As mentioned in Section 4, we borrow from [19] the idea of a routing instance and use it as a way to group routing protocols. Also, our referential dependence graph is similar to the abstractions used in [6,9]. Unlike [6,9] our abstraction spans beyond the boundaries of a single device, which allows us to define the complexity of network-wide configuration.
Several past studies such as [12,10,28,26,27] have considered how network objectives and operational patterns can be mined from configuration files. Of these, some studies [28,26,27] calculate the reachability sets and argue for their usage in verifying policy compliance. In contrast, the group of complexity metrics we provide allow operators to not only verify policy compliance, but they also quantify the impact of policy decisions on the ability to achieve a simple network-wide configuration. Complementary to [10], which proposes high-level constraints that if met ensure the correctness of routing, we start with the assumption that the network is correct and then derive its properties.
Contrary to the ``bottom-up'' approach we take, several studies [8,15,3] have considered how to make network management simpler by building inherent support for the creation and management of network policies. We presume that our study of configuration and inherent complexity can inform such ideas on clean slate alternatives. Finally, our metrics could be easily integrated into existing configuration management tools such as AANTS [1] and OpenView [16], and can aid operators in making informed changes to their network configurations.
The notion of ``complexity'' has been explored in domains such as System Operations [7]. In [7], complexity is defined as the number of steps taken to perform a task, similar to our metrics. Recently, Ratnasamy has proposed that protocol complexity be used in addition to efficiency to compare network protocols [23]. Just as Ratnasamy's metrics help choose the right protocol, our metrics help pick the right network design.
Configuration errors are responsible for a large fraction of network outages, and we argue that as networks become more complex the risk of configuration error increases. This paper takes the first step towards quantifying the types of complexity that lead operators to make configuration mistakes. Creating such metrics is difficult as they must abstract away all non-essential aspects of network configuration to enable the meaningful comparison of networks with very different sizes and designs.
In this paper, we define three metrics that measure the complexity of a network by automatic analysis of its configuration files. We validate the metrics' accuracy and utility through interviews with the network operators. For example, we show networks with higher complexity scores require more steps to carry out common management tasks and require more tools or more process discipline to maintain. Our study also generated insights on the causes of complexity in enterprise networks, such as the impact of the cost of network devices on routing design choices and the effect of defining multiple classes of subnets and multiple device roles.

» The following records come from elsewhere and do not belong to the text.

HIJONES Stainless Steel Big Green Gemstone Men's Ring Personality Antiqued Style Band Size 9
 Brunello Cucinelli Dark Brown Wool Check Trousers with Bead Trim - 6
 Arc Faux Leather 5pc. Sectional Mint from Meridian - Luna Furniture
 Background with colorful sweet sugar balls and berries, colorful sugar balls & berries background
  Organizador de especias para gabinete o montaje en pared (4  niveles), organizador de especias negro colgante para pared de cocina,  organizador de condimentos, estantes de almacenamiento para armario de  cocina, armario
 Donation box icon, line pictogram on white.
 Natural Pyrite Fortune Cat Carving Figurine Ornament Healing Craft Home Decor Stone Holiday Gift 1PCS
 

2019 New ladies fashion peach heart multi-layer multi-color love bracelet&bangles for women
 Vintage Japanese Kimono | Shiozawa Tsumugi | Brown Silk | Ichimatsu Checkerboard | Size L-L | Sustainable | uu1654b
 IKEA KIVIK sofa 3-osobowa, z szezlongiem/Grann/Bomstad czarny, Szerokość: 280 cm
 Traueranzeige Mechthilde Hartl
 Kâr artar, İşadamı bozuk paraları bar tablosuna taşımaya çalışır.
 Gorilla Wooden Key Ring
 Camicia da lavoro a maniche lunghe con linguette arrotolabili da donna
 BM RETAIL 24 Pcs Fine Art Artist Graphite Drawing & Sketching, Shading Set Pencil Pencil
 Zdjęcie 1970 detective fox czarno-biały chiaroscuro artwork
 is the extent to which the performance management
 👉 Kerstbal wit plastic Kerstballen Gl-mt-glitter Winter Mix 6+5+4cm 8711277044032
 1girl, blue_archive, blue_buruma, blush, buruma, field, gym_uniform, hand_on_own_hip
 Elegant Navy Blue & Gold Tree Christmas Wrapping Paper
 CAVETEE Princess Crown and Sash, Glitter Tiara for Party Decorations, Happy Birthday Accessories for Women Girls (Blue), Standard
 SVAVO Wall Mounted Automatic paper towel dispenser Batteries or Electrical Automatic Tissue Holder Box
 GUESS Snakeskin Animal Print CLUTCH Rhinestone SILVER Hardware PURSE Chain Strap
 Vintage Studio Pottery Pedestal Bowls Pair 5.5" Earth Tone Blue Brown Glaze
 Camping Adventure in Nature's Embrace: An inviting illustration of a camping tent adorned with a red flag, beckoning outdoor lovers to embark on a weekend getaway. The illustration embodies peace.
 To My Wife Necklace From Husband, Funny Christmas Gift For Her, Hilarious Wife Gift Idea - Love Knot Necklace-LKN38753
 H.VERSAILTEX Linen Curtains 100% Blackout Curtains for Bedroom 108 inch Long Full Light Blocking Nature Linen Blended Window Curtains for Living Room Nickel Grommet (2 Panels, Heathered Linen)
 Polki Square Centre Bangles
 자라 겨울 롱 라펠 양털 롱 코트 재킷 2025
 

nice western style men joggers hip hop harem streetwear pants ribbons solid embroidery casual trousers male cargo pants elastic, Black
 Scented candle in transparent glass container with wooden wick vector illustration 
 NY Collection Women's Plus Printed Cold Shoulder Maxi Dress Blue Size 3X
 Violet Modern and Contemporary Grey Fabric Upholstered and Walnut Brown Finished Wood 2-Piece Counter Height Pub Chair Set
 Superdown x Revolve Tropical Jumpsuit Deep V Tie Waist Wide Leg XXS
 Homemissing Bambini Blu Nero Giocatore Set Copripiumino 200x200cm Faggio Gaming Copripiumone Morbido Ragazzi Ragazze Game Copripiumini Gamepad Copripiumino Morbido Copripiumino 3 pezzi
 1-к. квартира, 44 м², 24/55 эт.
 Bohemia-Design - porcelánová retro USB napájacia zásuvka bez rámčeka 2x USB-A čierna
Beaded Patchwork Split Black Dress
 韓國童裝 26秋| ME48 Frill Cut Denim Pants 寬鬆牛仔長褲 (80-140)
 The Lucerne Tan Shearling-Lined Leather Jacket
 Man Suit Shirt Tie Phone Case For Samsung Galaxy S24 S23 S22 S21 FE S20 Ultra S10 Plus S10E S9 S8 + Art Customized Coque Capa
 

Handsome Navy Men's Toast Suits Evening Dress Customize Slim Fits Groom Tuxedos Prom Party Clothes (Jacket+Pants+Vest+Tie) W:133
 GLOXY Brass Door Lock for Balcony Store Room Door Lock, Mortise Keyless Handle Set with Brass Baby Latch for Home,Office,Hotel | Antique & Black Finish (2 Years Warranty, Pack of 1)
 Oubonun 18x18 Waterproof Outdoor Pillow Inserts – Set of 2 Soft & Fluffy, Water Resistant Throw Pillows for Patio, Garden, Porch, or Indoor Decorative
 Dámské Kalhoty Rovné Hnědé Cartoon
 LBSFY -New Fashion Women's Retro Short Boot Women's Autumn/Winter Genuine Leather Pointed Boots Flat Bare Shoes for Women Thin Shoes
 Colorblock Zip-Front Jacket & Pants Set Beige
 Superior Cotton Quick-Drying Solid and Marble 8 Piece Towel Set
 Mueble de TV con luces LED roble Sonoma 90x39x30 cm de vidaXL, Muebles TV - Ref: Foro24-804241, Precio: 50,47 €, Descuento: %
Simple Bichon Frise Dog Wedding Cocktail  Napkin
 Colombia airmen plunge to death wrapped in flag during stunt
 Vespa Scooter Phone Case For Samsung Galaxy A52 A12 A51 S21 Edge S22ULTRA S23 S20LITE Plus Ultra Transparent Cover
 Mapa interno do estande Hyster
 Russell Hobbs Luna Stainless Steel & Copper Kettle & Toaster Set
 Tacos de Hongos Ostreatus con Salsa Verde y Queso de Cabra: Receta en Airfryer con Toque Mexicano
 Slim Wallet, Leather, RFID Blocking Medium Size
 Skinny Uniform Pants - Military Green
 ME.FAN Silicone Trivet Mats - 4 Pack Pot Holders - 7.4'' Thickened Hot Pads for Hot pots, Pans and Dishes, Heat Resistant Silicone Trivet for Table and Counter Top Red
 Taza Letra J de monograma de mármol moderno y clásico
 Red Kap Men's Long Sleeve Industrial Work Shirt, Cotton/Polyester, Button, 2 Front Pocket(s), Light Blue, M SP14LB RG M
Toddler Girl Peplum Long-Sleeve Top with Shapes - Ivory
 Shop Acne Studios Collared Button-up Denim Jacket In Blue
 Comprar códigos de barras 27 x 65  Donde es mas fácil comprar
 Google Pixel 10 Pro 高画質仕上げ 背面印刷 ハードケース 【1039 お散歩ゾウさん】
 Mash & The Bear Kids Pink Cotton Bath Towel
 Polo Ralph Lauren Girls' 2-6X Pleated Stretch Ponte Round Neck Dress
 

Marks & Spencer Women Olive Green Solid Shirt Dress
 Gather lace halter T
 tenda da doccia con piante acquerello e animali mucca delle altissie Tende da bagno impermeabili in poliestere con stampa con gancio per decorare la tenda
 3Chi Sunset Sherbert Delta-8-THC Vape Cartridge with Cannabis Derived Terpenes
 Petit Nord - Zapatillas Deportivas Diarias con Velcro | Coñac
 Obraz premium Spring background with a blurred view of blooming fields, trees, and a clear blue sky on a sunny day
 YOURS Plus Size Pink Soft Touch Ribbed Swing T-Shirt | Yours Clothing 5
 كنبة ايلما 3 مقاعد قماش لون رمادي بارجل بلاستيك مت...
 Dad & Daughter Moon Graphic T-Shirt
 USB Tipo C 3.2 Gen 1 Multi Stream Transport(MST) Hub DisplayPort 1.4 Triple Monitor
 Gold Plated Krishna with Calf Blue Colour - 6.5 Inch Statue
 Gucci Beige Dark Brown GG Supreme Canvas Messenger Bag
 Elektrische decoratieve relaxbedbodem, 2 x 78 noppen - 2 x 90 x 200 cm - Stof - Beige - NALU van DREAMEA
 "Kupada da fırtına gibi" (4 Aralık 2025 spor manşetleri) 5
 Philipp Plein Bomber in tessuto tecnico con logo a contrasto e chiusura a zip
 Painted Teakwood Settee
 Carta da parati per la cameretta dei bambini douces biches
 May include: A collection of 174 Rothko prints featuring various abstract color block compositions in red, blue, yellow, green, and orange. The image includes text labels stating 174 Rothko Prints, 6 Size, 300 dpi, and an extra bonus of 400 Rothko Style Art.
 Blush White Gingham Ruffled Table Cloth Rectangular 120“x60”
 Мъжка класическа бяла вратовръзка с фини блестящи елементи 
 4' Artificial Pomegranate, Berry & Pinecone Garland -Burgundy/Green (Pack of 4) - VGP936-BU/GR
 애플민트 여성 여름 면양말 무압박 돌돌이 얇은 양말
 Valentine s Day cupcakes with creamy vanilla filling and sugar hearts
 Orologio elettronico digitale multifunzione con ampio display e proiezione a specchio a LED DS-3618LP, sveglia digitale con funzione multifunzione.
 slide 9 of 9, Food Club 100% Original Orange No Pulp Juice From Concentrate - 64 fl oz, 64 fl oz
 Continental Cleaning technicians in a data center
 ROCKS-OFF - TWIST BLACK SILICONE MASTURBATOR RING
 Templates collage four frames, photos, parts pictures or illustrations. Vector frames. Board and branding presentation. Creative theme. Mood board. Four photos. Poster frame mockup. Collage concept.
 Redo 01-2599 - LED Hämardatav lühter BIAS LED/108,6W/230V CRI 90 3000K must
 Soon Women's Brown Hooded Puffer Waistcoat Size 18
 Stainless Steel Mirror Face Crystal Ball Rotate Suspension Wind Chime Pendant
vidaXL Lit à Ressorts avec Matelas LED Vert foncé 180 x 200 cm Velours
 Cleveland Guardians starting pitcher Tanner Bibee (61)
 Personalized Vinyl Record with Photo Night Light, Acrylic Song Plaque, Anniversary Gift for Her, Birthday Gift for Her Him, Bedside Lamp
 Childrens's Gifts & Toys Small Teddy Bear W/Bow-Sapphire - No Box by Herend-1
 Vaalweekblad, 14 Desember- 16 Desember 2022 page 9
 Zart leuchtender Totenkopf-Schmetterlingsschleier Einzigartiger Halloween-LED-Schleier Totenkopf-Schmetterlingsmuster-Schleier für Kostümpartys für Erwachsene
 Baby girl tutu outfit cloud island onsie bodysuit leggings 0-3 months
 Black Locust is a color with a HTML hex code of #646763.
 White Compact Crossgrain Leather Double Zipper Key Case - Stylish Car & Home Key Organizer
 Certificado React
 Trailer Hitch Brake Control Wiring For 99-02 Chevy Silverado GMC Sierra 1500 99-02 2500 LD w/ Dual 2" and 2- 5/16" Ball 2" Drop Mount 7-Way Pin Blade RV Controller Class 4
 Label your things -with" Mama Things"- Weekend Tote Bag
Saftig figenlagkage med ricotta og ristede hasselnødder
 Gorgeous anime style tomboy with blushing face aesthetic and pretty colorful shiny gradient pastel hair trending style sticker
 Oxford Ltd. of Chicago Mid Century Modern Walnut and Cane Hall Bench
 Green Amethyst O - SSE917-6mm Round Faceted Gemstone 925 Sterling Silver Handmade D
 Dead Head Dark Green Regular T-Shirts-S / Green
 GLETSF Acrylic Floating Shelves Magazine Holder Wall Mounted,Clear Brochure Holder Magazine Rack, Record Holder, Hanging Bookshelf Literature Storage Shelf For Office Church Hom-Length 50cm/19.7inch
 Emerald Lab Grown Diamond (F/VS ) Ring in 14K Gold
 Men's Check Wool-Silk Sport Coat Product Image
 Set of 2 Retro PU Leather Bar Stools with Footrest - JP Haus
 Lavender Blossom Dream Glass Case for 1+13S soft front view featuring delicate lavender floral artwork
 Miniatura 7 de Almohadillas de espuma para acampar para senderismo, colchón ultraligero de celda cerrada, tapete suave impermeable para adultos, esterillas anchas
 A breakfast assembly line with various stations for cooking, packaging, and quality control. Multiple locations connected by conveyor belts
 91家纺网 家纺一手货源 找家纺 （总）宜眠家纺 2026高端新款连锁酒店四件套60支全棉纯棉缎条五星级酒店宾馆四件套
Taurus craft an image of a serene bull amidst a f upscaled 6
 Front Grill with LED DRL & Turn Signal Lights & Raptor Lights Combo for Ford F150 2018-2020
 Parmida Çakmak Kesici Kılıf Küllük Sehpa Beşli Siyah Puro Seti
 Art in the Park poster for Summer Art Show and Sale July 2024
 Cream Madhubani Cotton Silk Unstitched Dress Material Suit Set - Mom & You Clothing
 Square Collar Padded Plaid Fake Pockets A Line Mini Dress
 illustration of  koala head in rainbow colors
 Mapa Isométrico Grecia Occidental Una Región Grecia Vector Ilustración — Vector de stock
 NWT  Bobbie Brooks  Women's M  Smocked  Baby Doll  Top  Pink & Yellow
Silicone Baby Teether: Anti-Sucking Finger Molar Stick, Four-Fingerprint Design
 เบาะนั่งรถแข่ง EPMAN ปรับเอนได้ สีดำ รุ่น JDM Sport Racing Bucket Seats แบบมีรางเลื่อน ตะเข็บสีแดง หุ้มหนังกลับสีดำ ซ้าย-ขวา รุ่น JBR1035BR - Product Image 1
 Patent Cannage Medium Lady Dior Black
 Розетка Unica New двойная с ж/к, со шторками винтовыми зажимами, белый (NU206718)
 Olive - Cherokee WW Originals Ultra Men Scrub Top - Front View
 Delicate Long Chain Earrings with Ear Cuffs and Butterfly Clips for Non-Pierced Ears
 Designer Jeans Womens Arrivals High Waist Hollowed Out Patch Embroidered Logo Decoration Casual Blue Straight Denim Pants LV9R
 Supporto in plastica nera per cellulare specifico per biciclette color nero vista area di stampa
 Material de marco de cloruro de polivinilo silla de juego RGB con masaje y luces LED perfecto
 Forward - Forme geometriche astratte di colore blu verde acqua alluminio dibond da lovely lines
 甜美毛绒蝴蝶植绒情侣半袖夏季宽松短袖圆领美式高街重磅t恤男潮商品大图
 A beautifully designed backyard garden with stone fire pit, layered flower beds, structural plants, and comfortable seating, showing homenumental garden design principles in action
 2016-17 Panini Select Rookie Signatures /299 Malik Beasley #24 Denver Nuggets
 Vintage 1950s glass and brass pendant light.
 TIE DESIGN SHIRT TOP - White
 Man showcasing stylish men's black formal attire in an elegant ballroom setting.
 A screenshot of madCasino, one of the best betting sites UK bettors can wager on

We believe our metrics are useful in their own right, and we show how they can aid with finding configuration errors and understanding a network's design. However, our hope is that these metrics start a larger discussion on quantifying the factors that affect network complexity and management errors. The definition of good metrics can drive the field forward toward management systems and routing designs that are less complex and less likely to lead human operators into making errors.